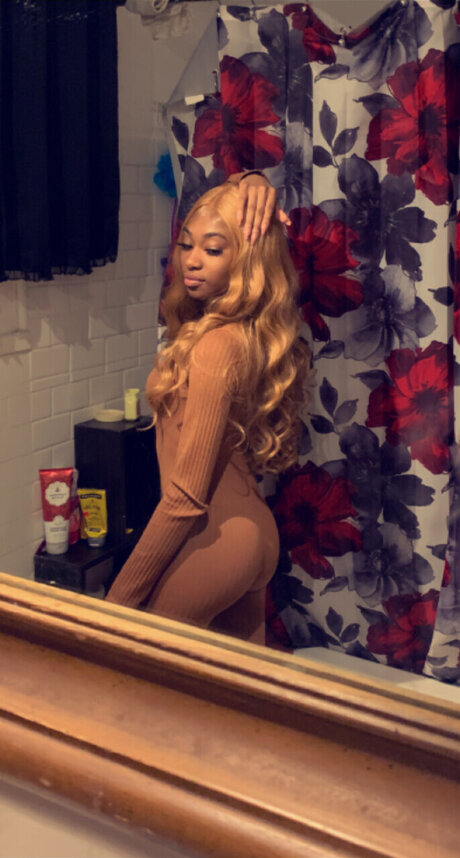 Niyahnicole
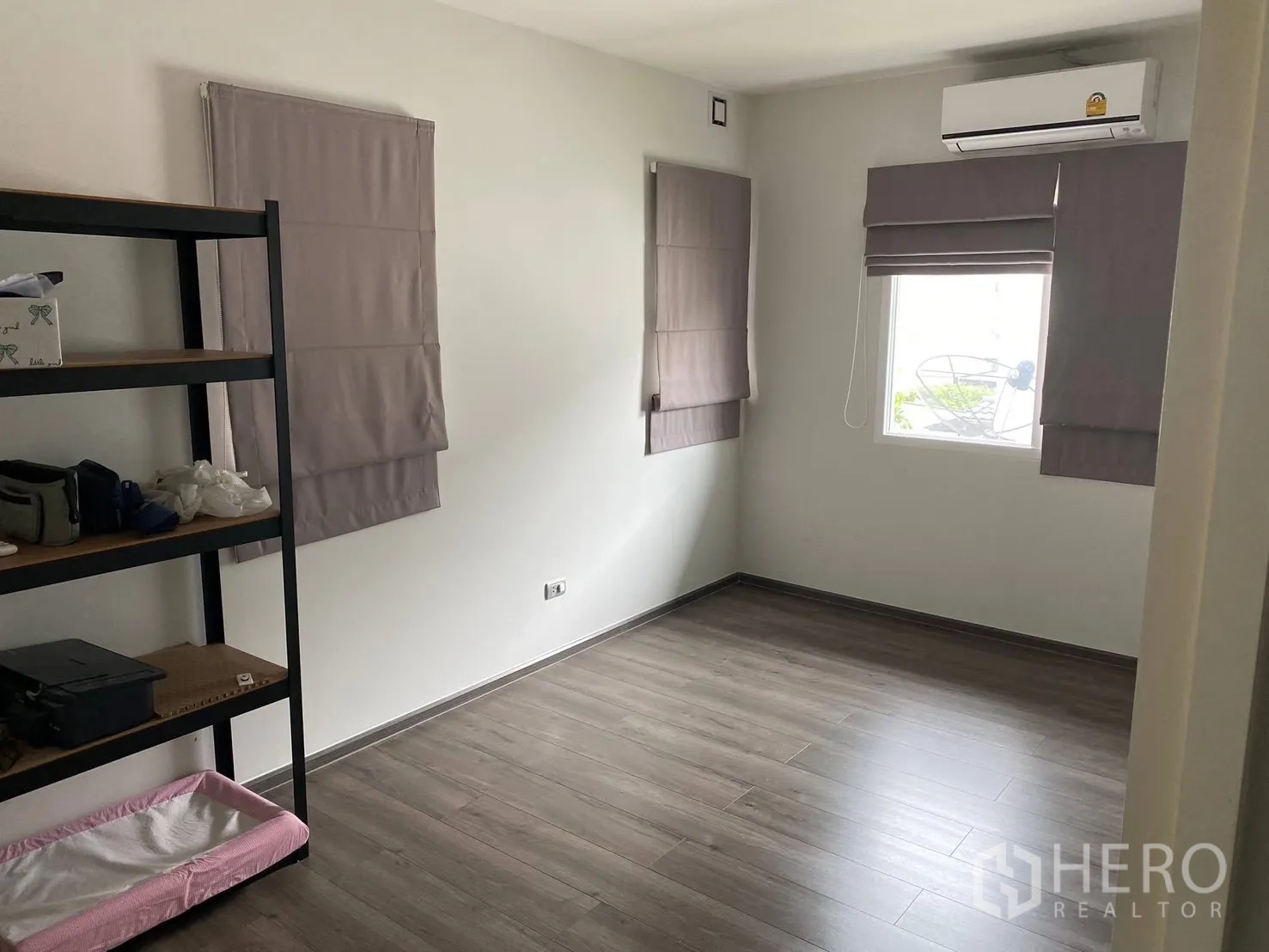 บ้าน ให้เช่าในPrawet, Bangkok - ห้องนอนที่สาม มีมู่ลี่ ชั้นวางของ และพื้นไม้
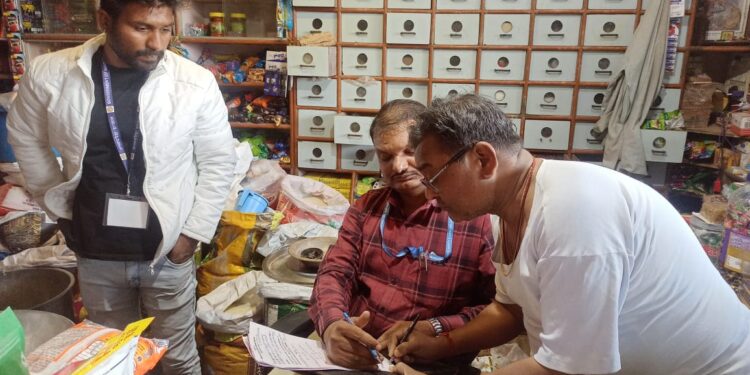 कलेक्टर सोनिया मीना के निर्देश पर खाद्य एवं औषधि प्रशासन के विभागीय जांच दल द्वारा नगर में खाद्य प्रतिष्ठानों,निर्माता सहित विक्रेताओं की जा रही सघन जांच,शहर की प्रतिष्ठित होटल में पाई गई गंदगी,साफ सफाई संबंधी दिए निर्देश…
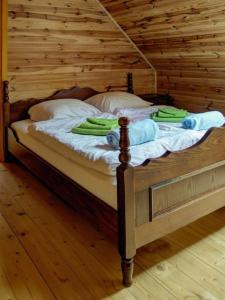 Postel nebo postele na pokoji v ubytování Drevenica Alica Hronec Nízke Tatry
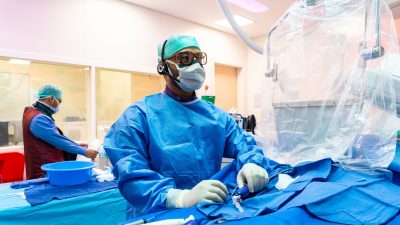 مدينة الشيخ شخبوط الطبية تعزّز ريادتها في طب القلب التداخلي بتنفيذ أكثر من 400 إجراء خلال عام 2025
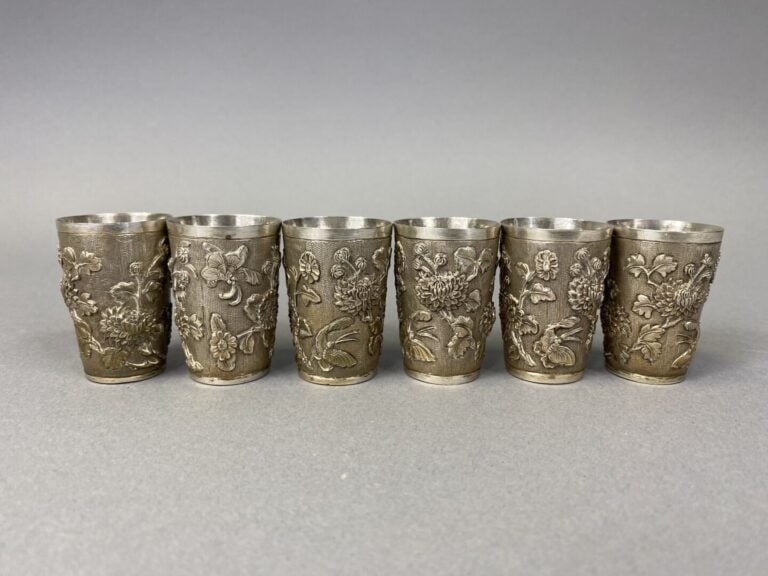 Vietnam - Ensemble comprenant six verres à liqueur en argent (800) à décor en l…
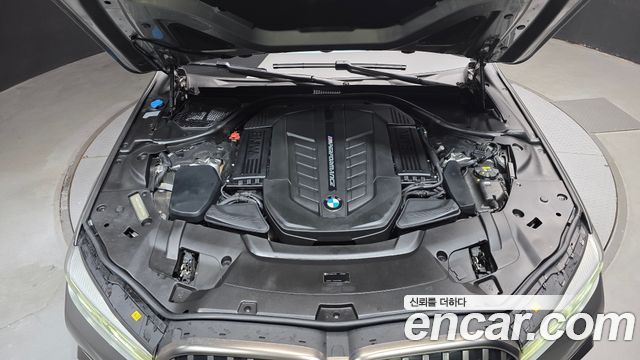 BMW 7-Series 2021 — photo 6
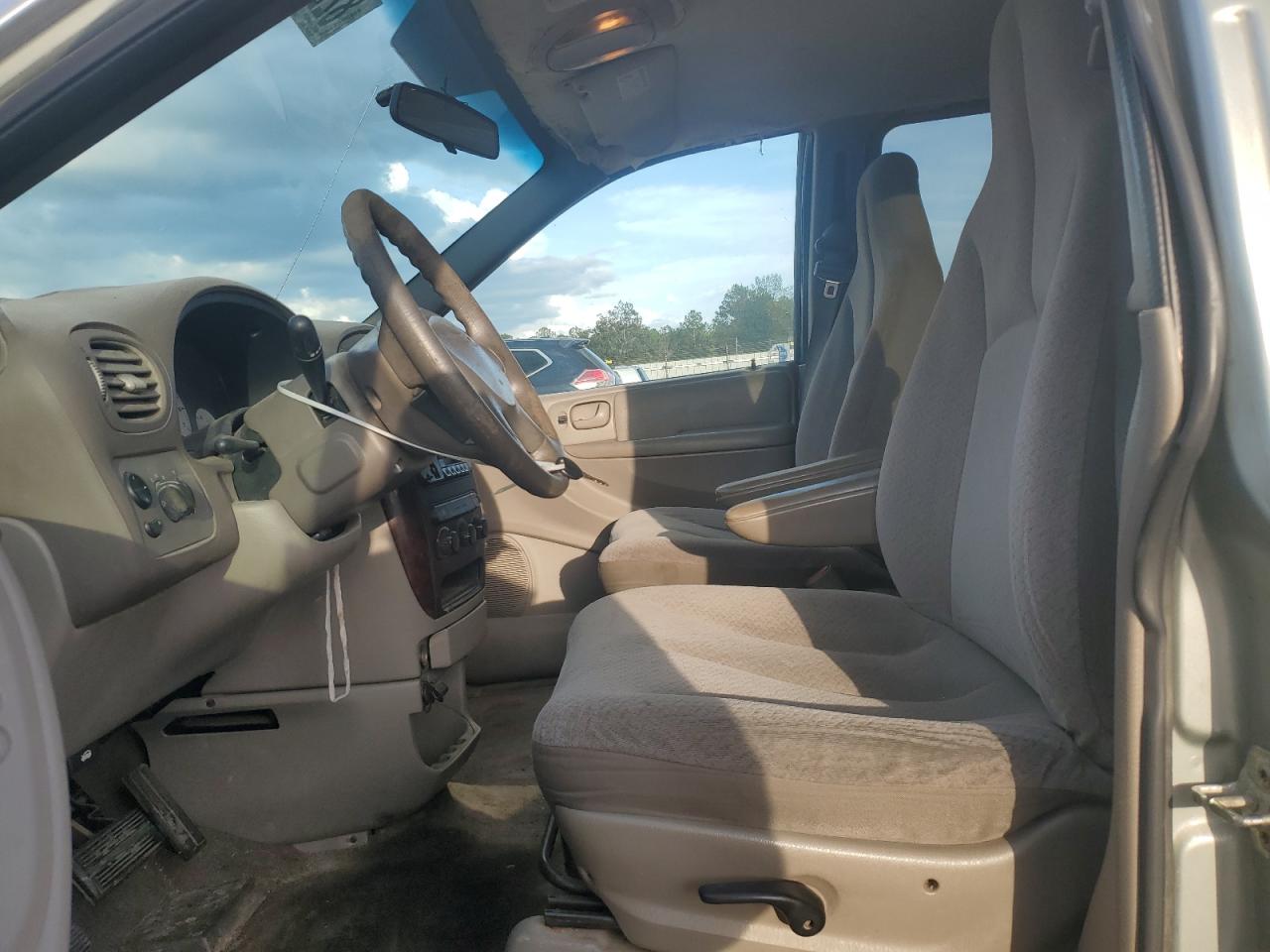 2003 Chrysler Town & Country Lx VIN: 2C4GP44363R114973 Lot: 82255625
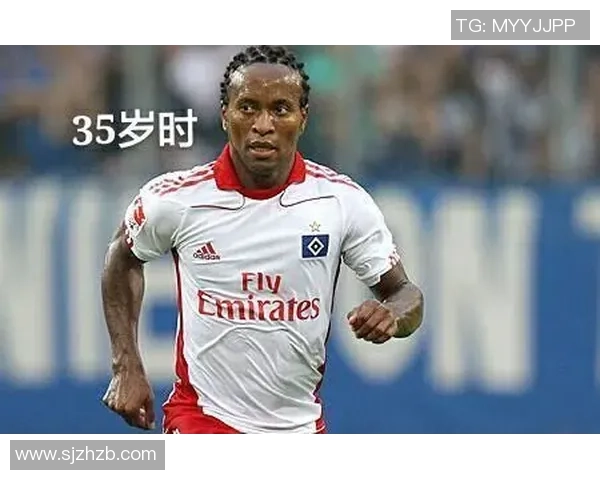 我心中的足球英雄与他不凡的传奇故事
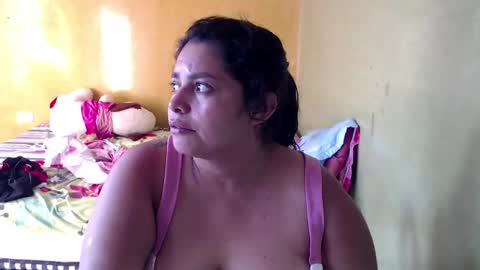 Snapshot of minnie_bbw69 chatting on February 26, 2025, 12:58 pm Andrea online show from February 26, 2025, 12:58 pm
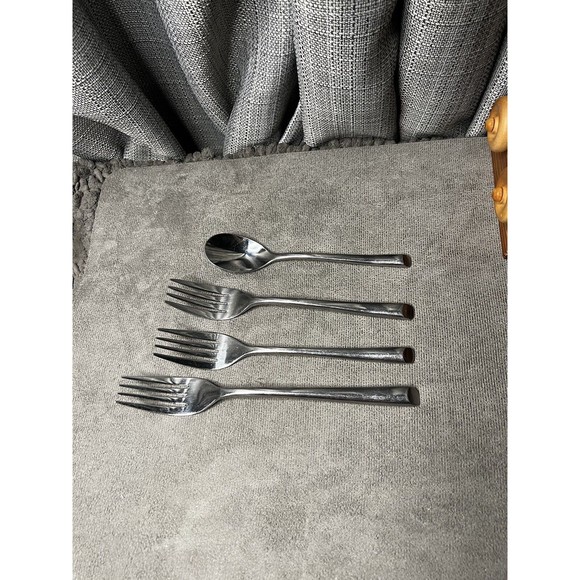 Towle Stainless Steel Flatware 18:0 Dinner & Salad Forks Spoon Lot - Picture 3 of 7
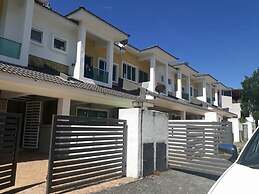 Zahara Homestay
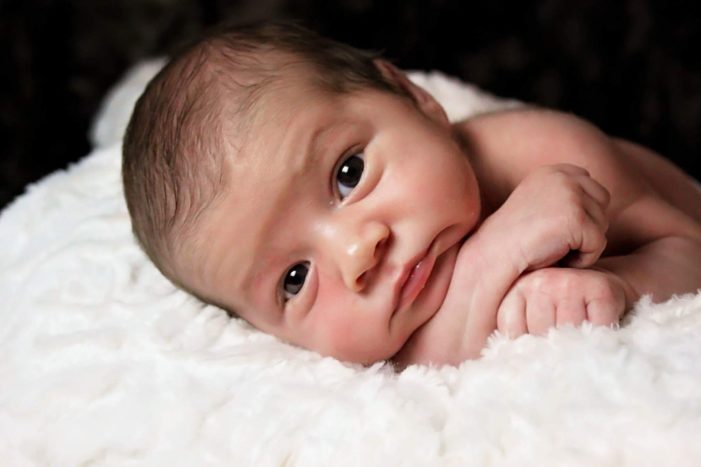 معجزة الرضاعة الطبيعية لطفل حديث الولادة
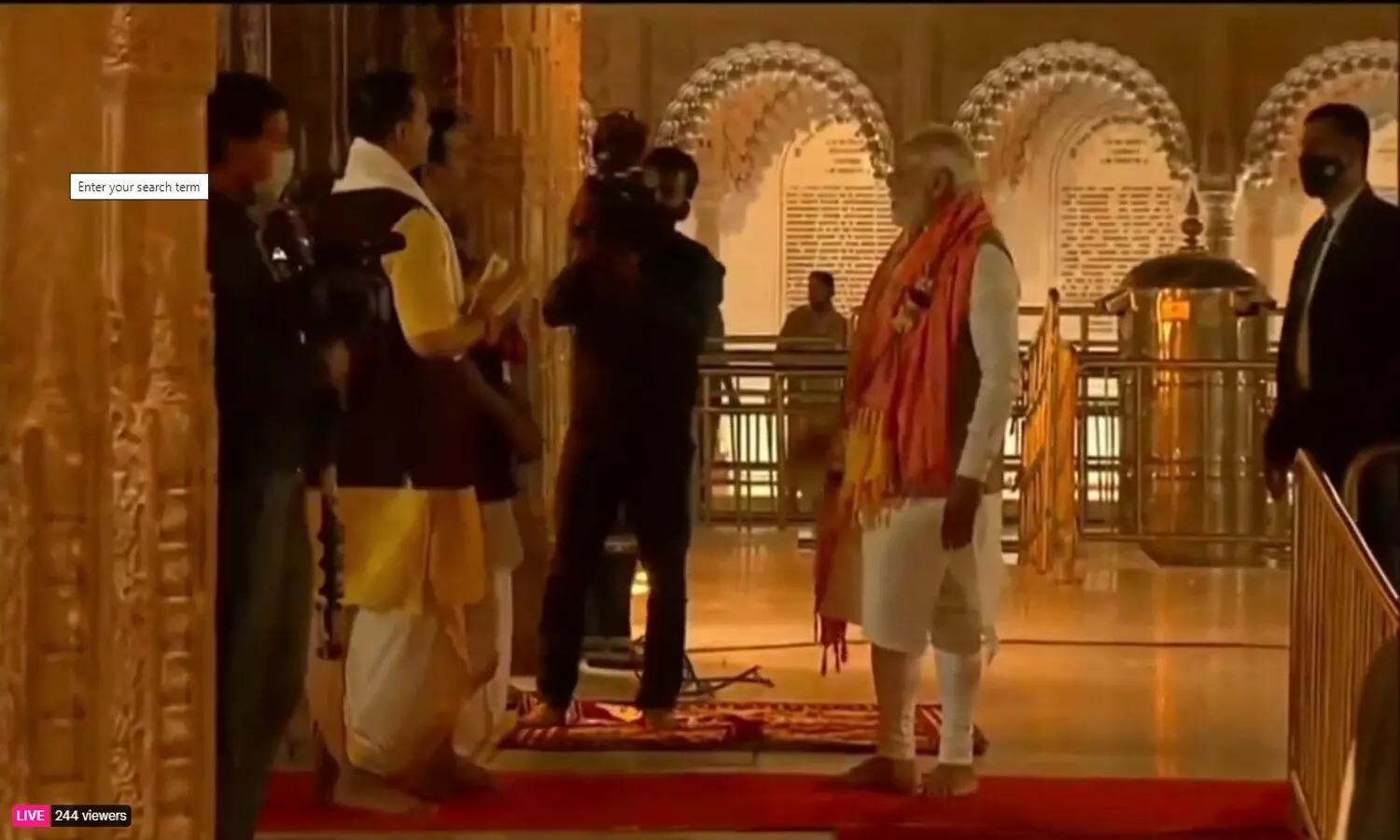 PM Narendra Modi Road Show Varanasi: काशी विश्वनाथ धाम में शिव आराधना कर निकले पीएम मोदी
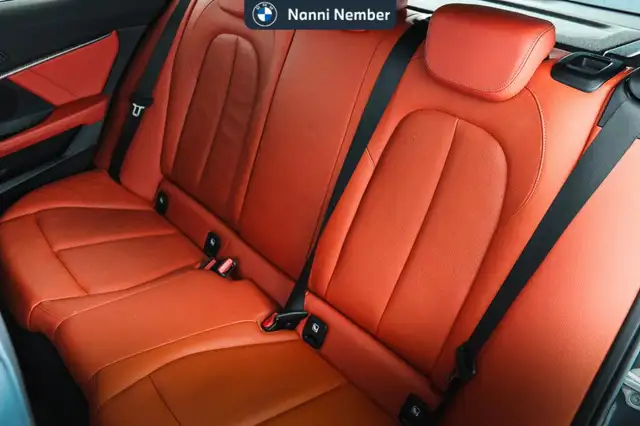 BMW 1 Series view 14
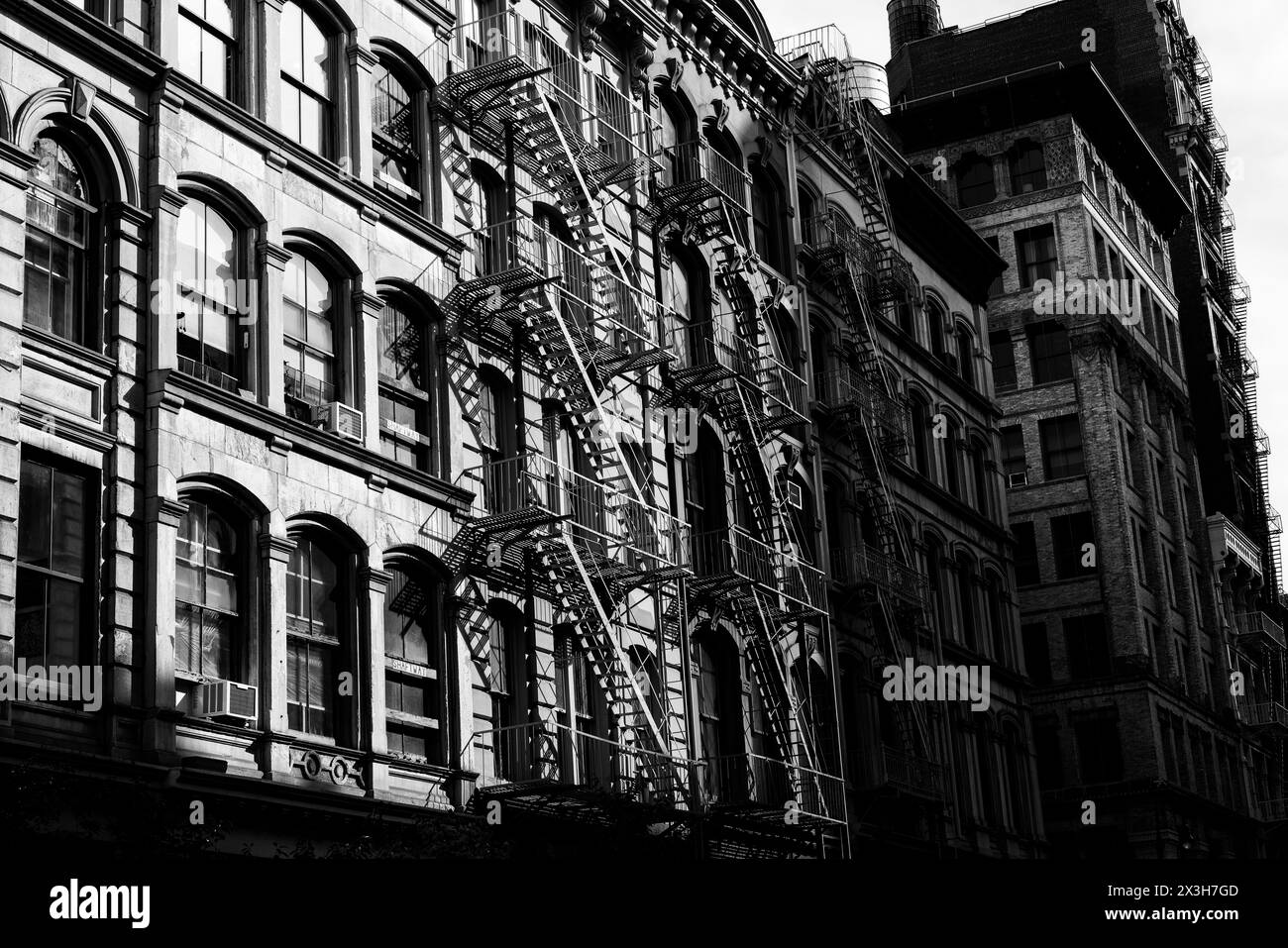 Facciate storiche del XIX secolo nel quartiere storico di Cast Iron, Broome Street, SoHo, Lower Manhattan, New York City Foto Stock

------

▶ _PROMPT_
Output the whole listing exactly. Pictures stay out.

▶ _YOUR SOLUTION_
 Niyahnicole
 บ้าน ให้เช่าในPrawet, Bangkok - ห้องนอนที่สาม มีมู่ลี่ ชั้นวางของ และพื้นไม้
 कलेक्टर सोनिया मीना के निर्देश पर खाद्य एवं औषधि प्रशासन के विभागीय जांच दल द्वारा नगर में खाद्य प्रतिष्ठानों,निर्माता सहित विक्रेताओं की जा रही सघन जांच,शहर की प्रतिष्ठित होटल में पाई गई गंदगी,साफ सफाई संबंधी दिए निर्देश…
 Postel nebo postele na pokoji v ubytování Drevenica Alica Hronec Nízke Tatry
 مدينة الشيخ شخبوط الطبية تعزّز ريادتها في طب القلب التداخلي بتنفيذ أكثر من 400 إجراء خلال عام 2025
 Vietnam - Ensemble comprenant six verres à liqueur en argent (800) à décor en l…
 BMW 7-Series 2021 — photo 6
 2003 Chrysler Town & Country Lx VIN: 2C4GP44363R114973 Lot: 82255625
 我心中的足球英雄与他不凡的传奇故事
 Snapshot of minnie_bbw69 chatting on February 26, 2025, 12:58 pm Andrea online show from February 26, 2025, 12:58 pm
 Towle Stainless Steel Flatware 18:0 Dinner & Salad Forks Spoon Lot - Picture 3 of 7
 Zahara Homestay
 معجزة الرضاعة الطبيعية لطفل حديث الولادة
 PM Narendra Modi Road Show Varanasi: काशी विश्वनाथ धाम में शिव आराधना कर निकले पीएम मोदी
 BMW 1 Series view 14
 Facciate storiche del XIX secolo nel quartiere storico di Cast Iron, Broome Street, SoHo, Lower Manhattan, New York City Foto Stock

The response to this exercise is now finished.